# Supplied entries

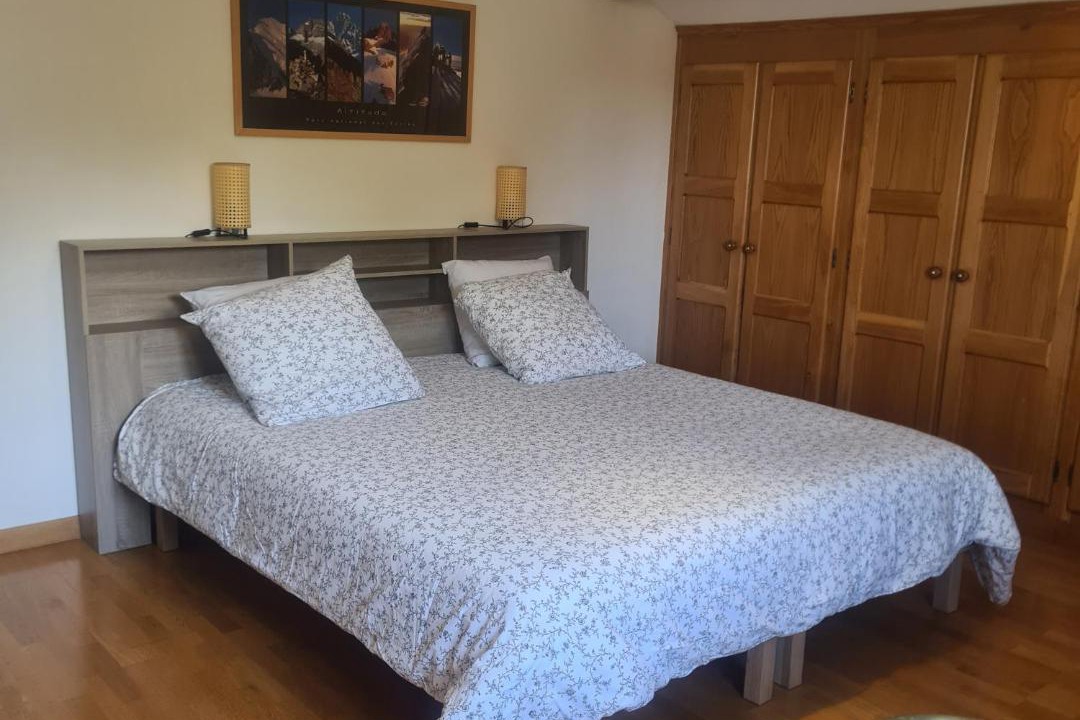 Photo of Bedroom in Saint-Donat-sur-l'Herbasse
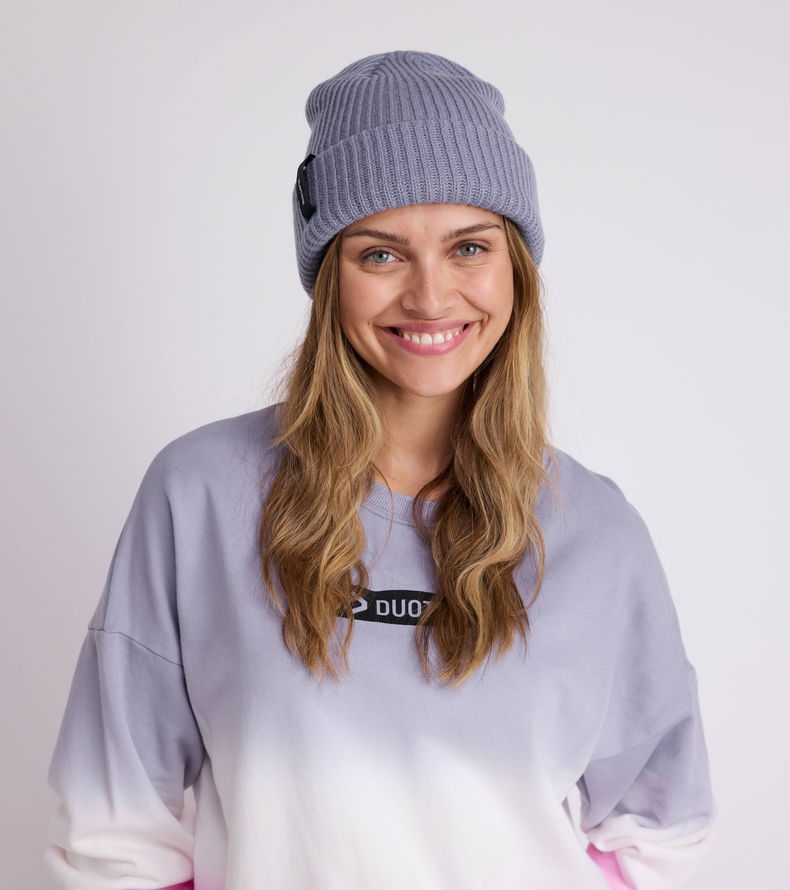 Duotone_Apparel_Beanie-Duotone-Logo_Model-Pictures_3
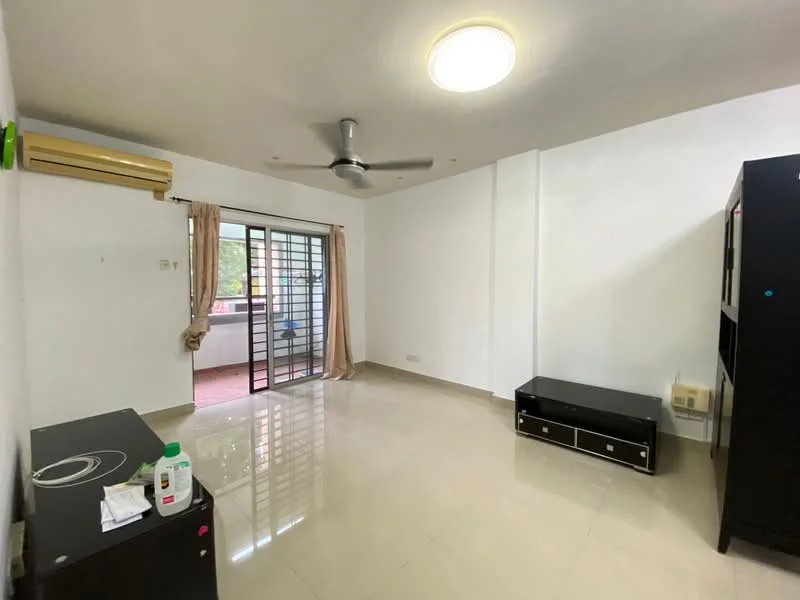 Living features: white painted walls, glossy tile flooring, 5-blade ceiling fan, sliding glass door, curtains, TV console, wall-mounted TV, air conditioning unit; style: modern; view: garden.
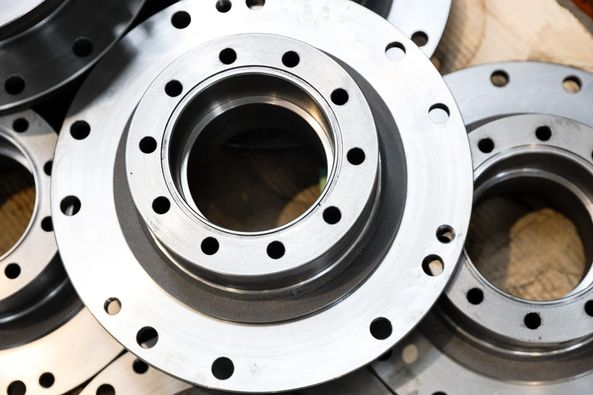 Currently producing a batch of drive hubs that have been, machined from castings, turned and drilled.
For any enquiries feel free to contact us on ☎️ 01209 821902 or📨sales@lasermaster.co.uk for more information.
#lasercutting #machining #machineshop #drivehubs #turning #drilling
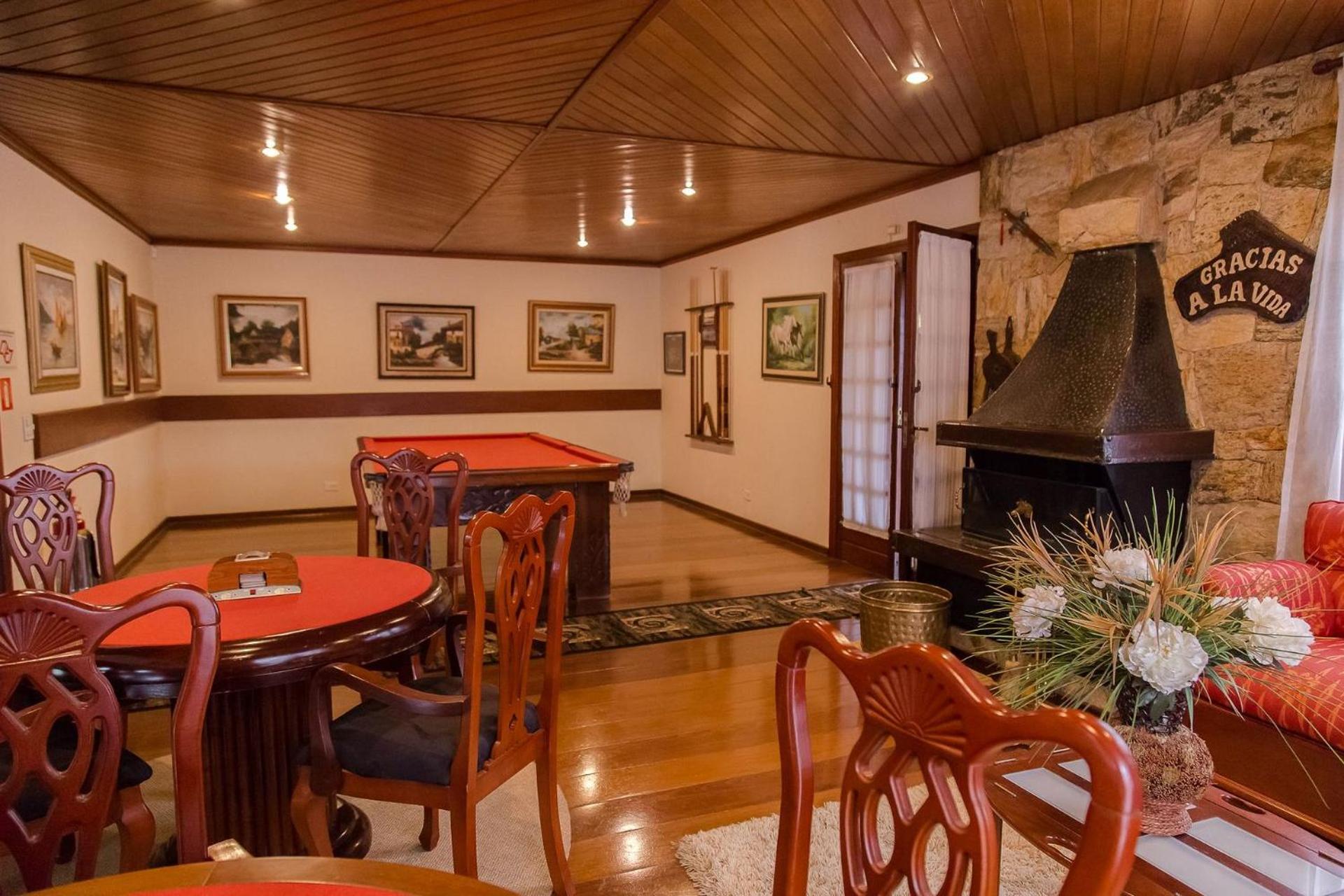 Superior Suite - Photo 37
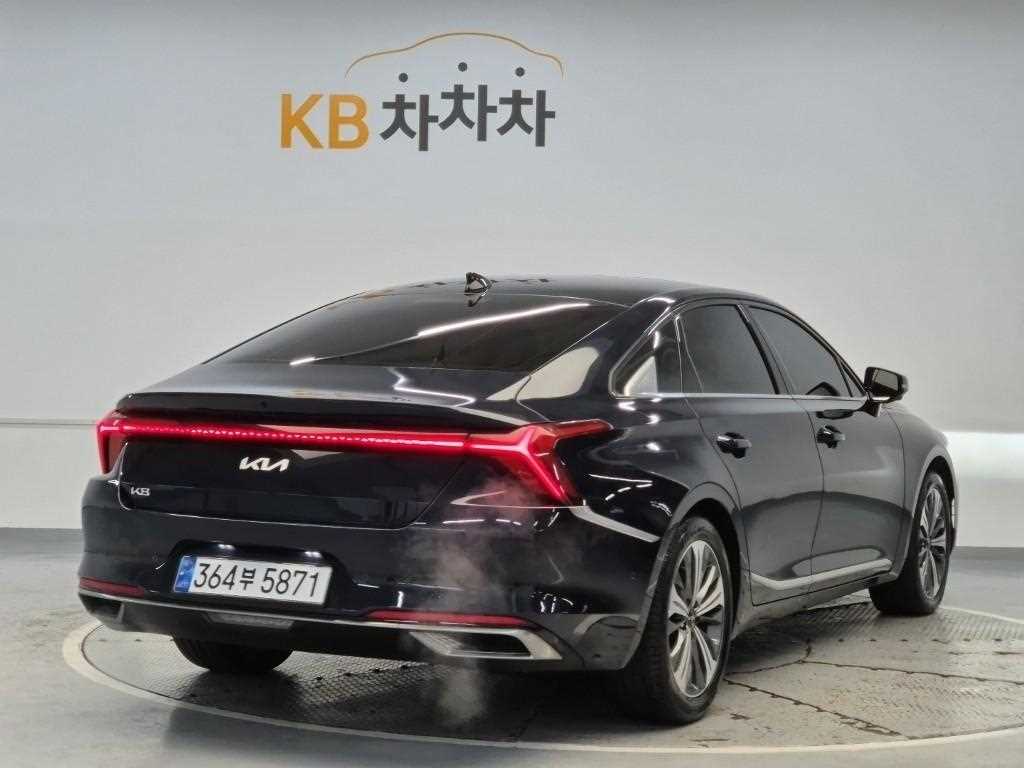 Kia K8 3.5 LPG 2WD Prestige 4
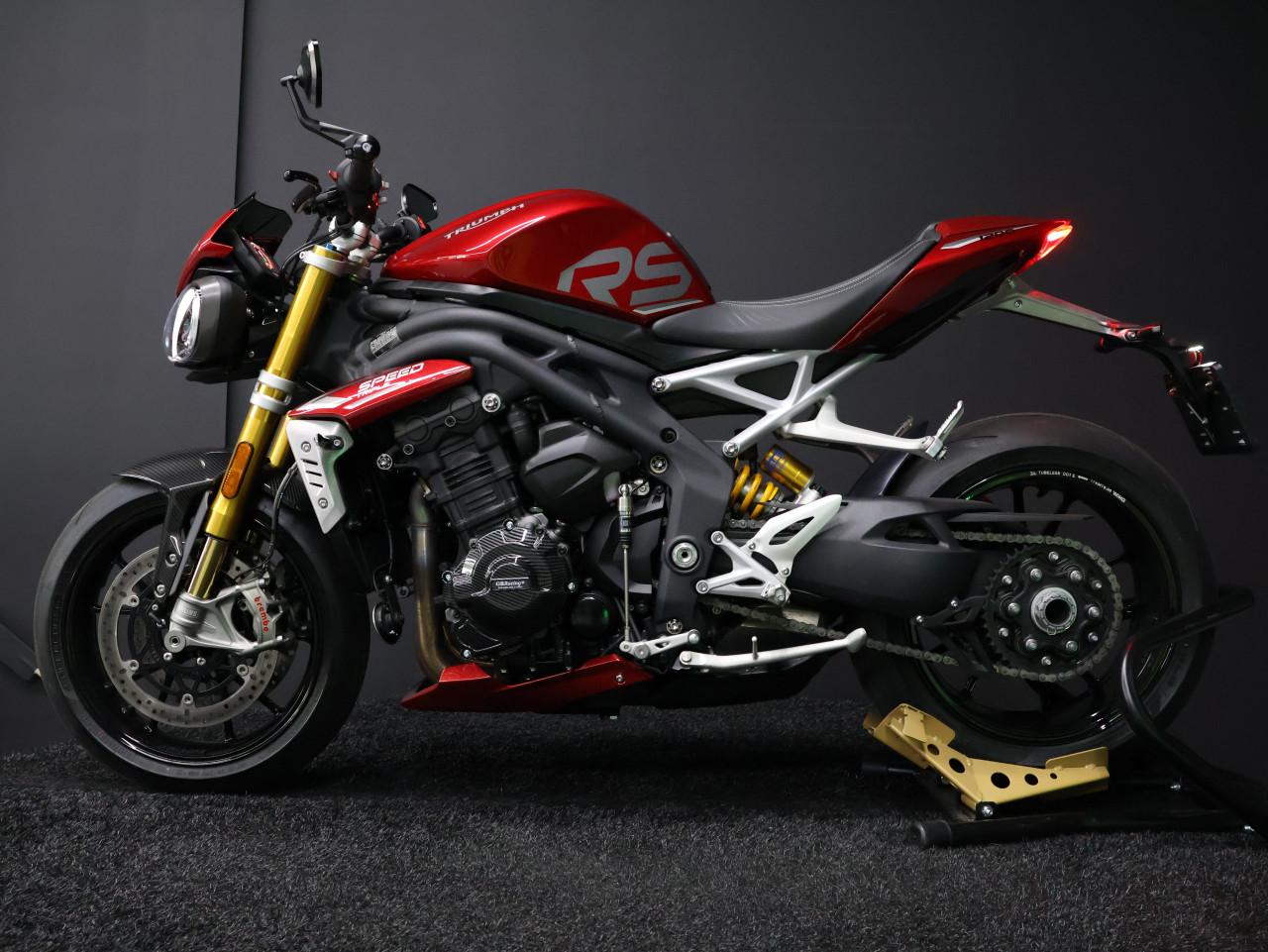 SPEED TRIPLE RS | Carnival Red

# The problem
With the pictures removed, return each record above exactly as given.

# Answer
 Photo of Bedroom in Saint-Donat-sur-l'Herbasse
 Duotone_Apparel_Beanie-Duotone-Logo_Model-Pictures_3
 Living features: white painted walls, glossy tile flooring, 5-blade ceiling fan, sliding glass door, curtains, TV console, wall-mounted TV, air conditioning unit; style: modern; view: garden.
 Currently producing a batch of drive hubs that have been, machined from castings, turned and drilled.
For any enquiries feel free to contact us on ☎️ 01209 821902 or📨sales@lasermaster.co.uk for more information.
#lasercutting #machining #machineshop #drivehubs #turning #drilling
 Superior Suite - Photo 37
 Kia K8 3.5 LPG 2WD Prestige 4
 SPEED TRIPLE RS | Carnival Red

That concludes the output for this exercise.